Using the records below, copy every line that holds the string "Image".

(Stored items from a collection)
-.-.-
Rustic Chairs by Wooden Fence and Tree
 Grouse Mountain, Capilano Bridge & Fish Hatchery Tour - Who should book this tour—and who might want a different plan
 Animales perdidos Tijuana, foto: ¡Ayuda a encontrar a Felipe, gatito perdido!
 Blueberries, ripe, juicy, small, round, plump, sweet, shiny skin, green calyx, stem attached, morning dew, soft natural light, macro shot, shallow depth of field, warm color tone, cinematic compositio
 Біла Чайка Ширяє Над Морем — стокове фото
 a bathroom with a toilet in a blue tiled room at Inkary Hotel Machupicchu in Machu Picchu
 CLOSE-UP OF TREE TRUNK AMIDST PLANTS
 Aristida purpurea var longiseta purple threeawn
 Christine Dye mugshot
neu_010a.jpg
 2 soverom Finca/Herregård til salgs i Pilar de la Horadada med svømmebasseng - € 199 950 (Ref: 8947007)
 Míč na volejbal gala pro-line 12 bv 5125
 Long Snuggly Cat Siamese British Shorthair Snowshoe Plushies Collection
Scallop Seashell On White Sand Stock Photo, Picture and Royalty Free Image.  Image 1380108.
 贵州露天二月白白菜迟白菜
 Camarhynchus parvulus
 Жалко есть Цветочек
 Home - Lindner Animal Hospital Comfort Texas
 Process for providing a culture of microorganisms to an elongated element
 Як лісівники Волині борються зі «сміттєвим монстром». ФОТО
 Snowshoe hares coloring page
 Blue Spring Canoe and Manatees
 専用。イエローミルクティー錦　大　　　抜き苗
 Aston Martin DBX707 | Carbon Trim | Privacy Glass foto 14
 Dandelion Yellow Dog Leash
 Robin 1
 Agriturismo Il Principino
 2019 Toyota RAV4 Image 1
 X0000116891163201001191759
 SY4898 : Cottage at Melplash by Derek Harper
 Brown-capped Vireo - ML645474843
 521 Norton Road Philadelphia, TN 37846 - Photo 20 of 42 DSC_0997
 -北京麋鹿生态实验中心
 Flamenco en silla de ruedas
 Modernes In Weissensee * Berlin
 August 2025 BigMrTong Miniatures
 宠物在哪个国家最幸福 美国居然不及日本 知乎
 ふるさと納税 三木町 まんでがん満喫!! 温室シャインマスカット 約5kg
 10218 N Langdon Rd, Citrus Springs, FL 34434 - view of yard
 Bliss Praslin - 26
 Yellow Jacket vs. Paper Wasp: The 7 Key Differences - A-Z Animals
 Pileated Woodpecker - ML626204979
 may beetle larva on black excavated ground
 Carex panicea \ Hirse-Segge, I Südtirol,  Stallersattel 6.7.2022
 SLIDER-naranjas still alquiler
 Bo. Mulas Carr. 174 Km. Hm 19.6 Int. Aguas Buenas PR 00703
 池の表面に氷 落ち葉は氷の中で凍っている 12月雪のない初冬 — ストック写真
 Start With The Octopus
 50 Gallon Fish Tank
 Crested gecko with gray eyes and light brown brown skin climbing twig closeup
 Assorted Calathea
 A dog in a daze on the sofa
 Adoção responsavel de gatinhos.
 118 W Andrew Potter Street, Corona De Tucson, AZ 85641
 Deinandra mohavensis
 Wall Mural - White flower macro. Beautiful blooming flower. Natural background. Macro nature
-.-.-
EXERCISE SOLUTION:
Scallop Seashell On White Sand Stock Photo, Picture and Royalty Free Image.  Image 1380108.
 2019 Toyota RAV4 Image 1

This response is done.